Holiday’s prizes include $10,000 cash and the opportunity to perform a recital on Thursday, Feb. 15, 2018 in the Kennedy Center Terrace Theater. He will also have an educational residency at Washington’s Duke Ellington School of the Arts that will include master classes and other workshops for vocal music students at the magnet school.
This is far from the first major award that Holiday has won; he recently won first place in the Dallas Opera Guild Vocal Competition, he won third prize at Plácido Domingo’s Operalia Competition in 2014 and he was first place winner in his district of the Metropolitan Opera National Council Auditions in 2007. Additionally, he won a 2014 Sara Tucker Grant for young vocal artists and first prize in the Gerda Lissner Foundation’s 2013 International Vocal Competition, among other awards. A career highlight includes an invitation by Pope John Paul II to sing as soloist for High Mass at St. Peter’s Basilica and the Sistine Chapel in 2002.
Holiday’s recent roles include the Sorceress in Purcell’s Dido and Aeneas at LA Opera and the title role in Handel’s Giulio Cesare at Wolf Trap Opera. He made his Carnegie Hall debut in a performance of Bernstein’s Chichester Psalms with Robert Spano and the Atlanta Symphony, and he recently joined the Metropolitan Opera to cover Nireno in Giulio Cesare.
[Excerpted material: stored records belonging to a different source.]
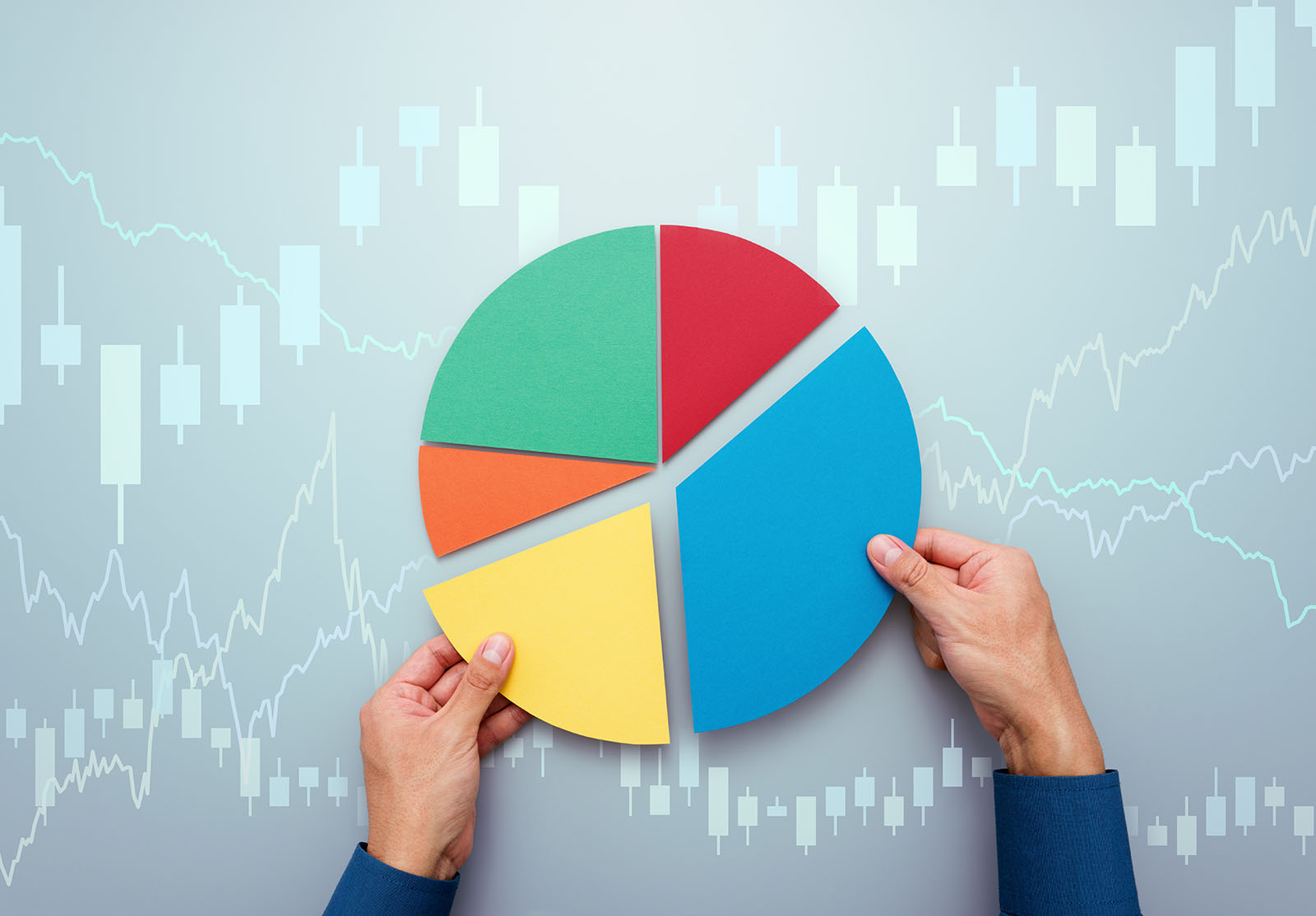 Stratégie d'investissement diversifiée. Investisseur gérant un portefeuille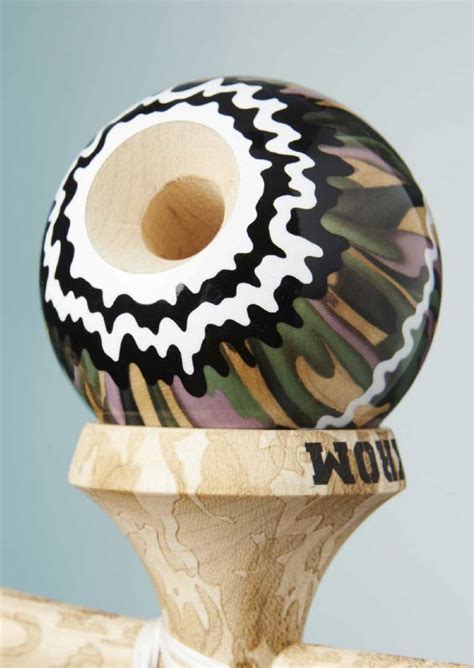 Kendama Krom Naked Plasticity Umbra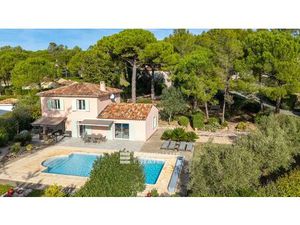 Achat Maison 5 pièces 132m² BAGNOLS EN FORET 83600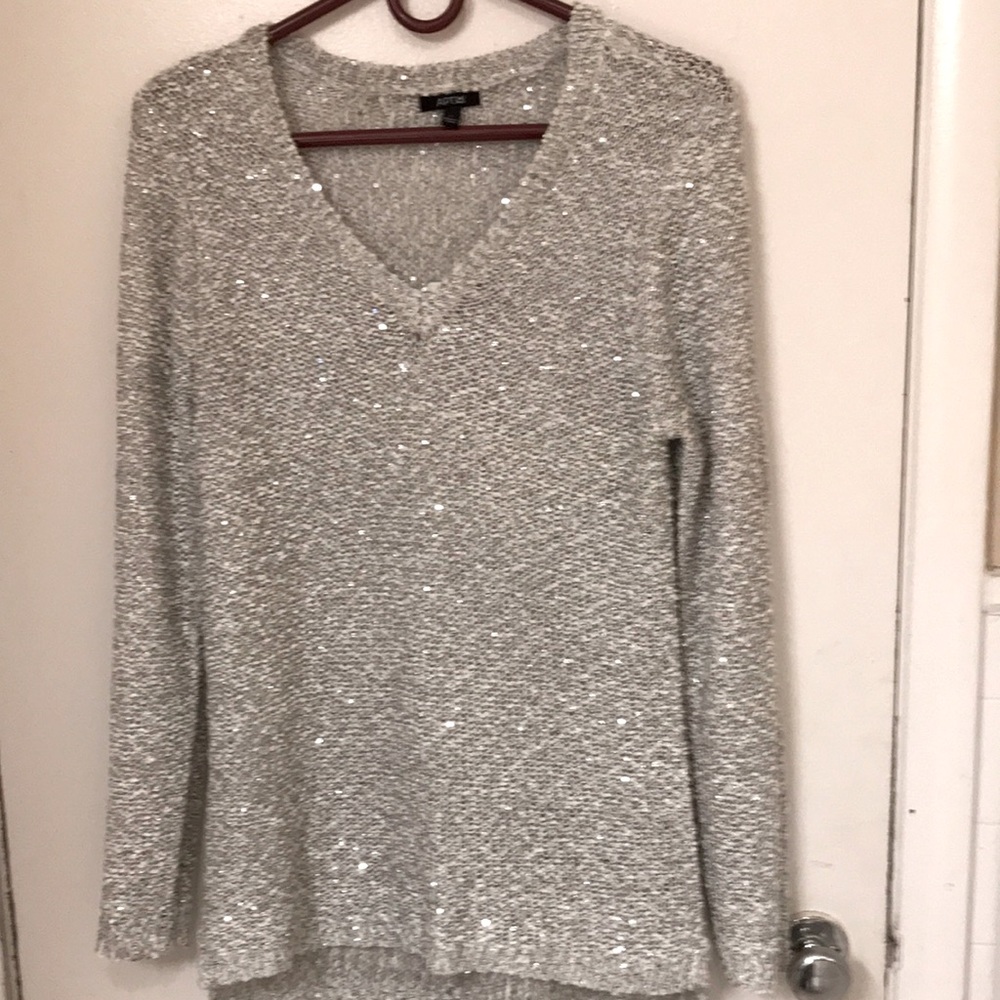 Women’s Apt.9 Sweater, Gray with silver sequins, Size Large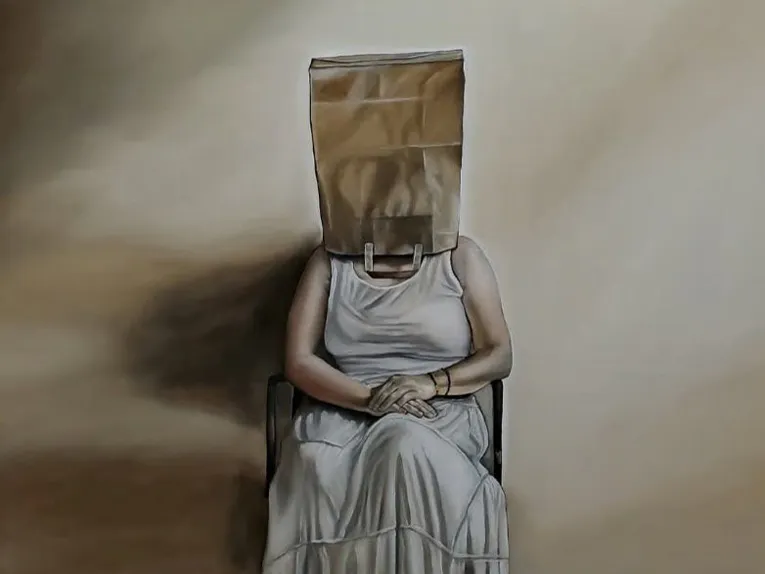 Ein mit Öl gemaltes Bild einer Frau im Kleid, die eine Papiertüte über den Kopf gestülpt hat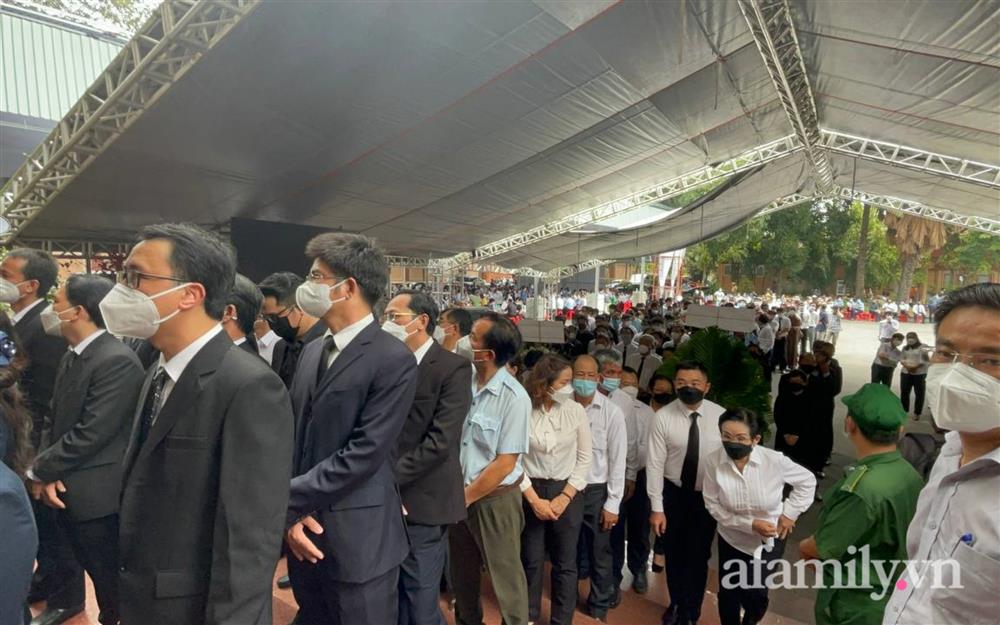 Lễ viếng Phó Chủ tịch UBND TP.HCM Lê Hòa Bình: Lãnh đạo thành phố rơi nước mắt, người nhà thất thần trước mất mát quá lớn-15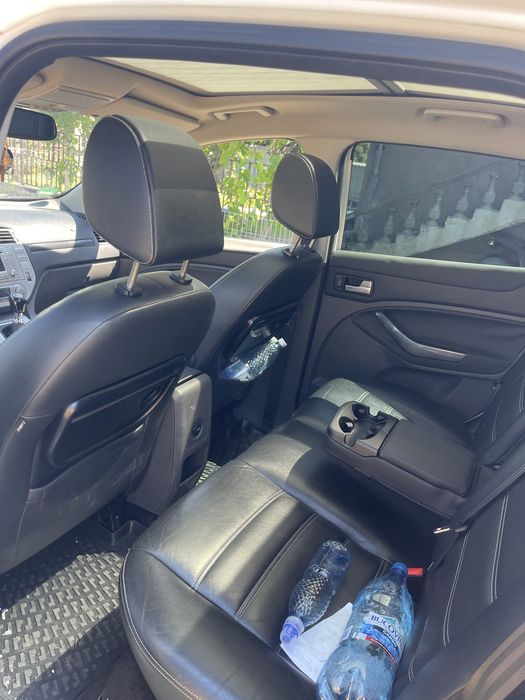 Vand Kuga 2010 AWD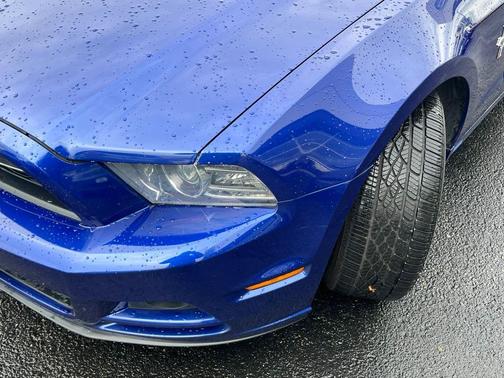 2013 Ford Mustang V6 Premium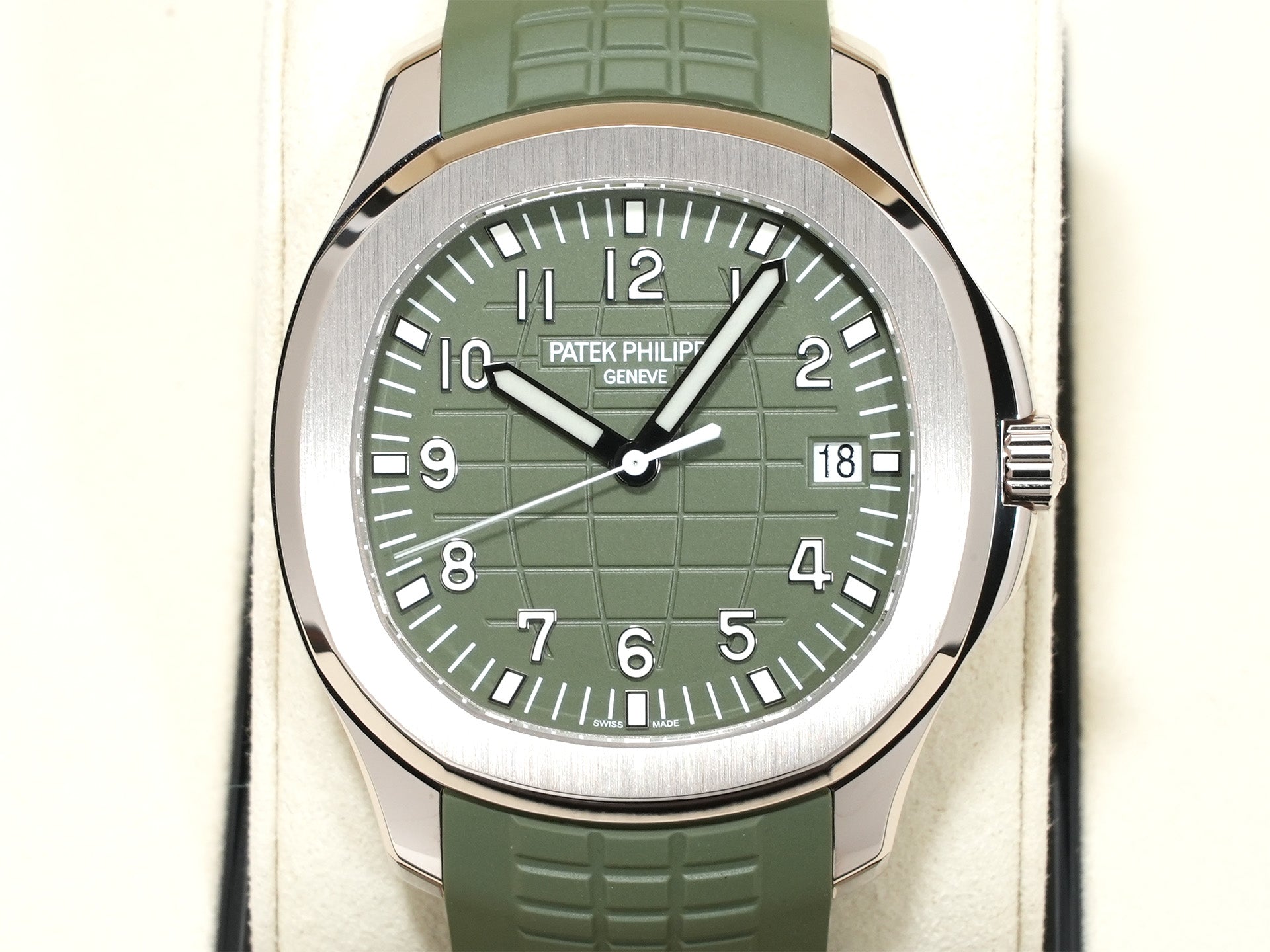 Patek Philippe Aquanaut Ref. 5168G-010 White Gold Khaki Green Dial Unused h2jbsn8r
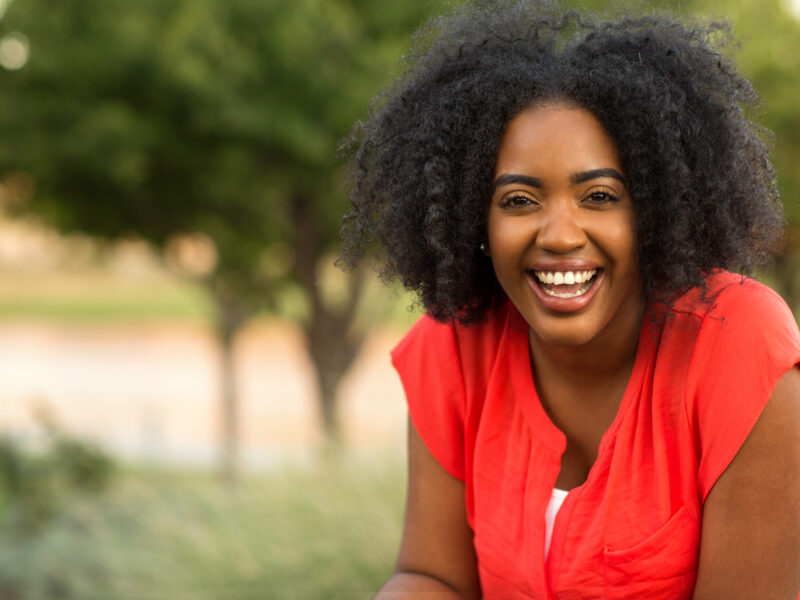 35 Short Curly Hairstyles For Women With Round Faces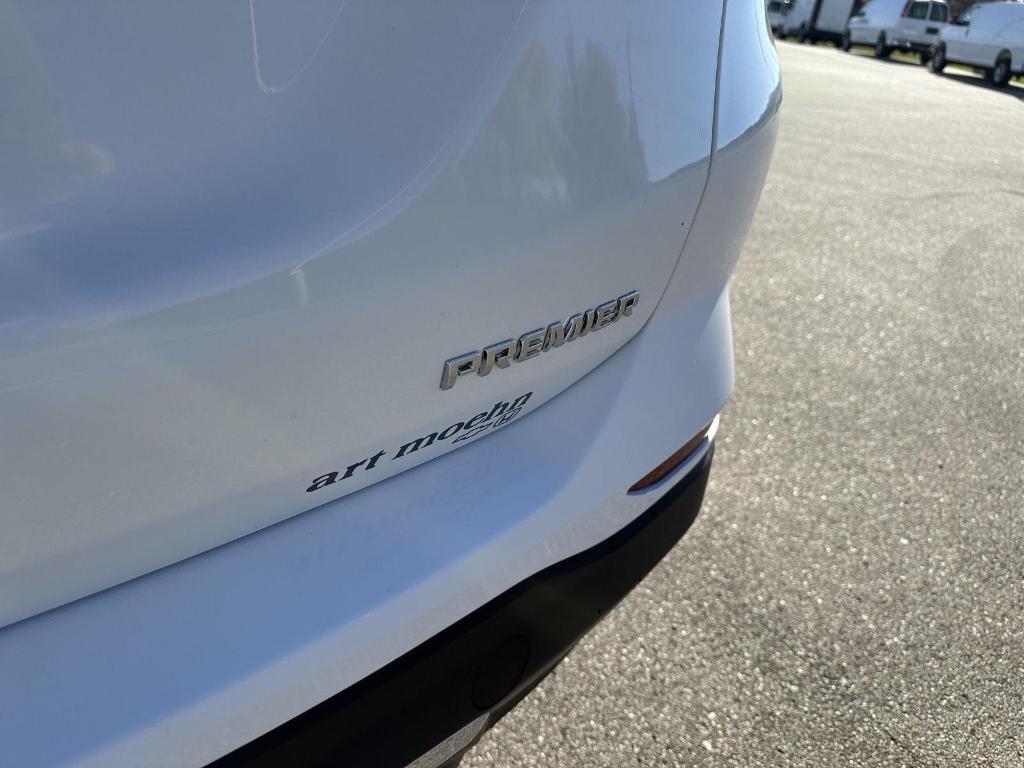 used 2022 Chevrolet Equinox car, priced at $20,489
This season, he will appear with the Nashville Symphony, Phoenix Symphony, Boston Baroque, the Glimmerglass Festival and Opera Philadelphia.
About Marian Anderson
American contralto Marian Anderson was one of the most celebrated singers of the 20th century. She became an important figure in the struggle for African American artists to overcome racial prejudice in the United States, when in 1939, the Daughters of the American Revolution refused permission for her to sing to an integrated audience in Constitution Hall. With the aid of First Lady Eleanor Roosevelt and her husband President Franklin D. Roosevelt, Anderson performed a critically acclaimed open-air concert on Easter Sunday, April 9, 1939, on the steps of the Lincoln Memorial in Washington, D.C. before a crowd of more than 75,000 people and a radio audience of millions. She continued to break barriers, becoming the first African American artist to perform at the Metropolitan Opera in New York on January 7, 1955. She later worked for several years as a delegate to the United Nations Human Rights Committee and for the U.S. Department of State, giving concerts all over the world. She participated in the civil rights movement in the 1960s, singing at the March on Washington in 1963. She was awarded the Presidential Medal of Freedom in 1963, a Kennedy Center Honors in 1978, the National Medal of Arts in 1986 and a Grammy Lifetime Achievement Award in 1991.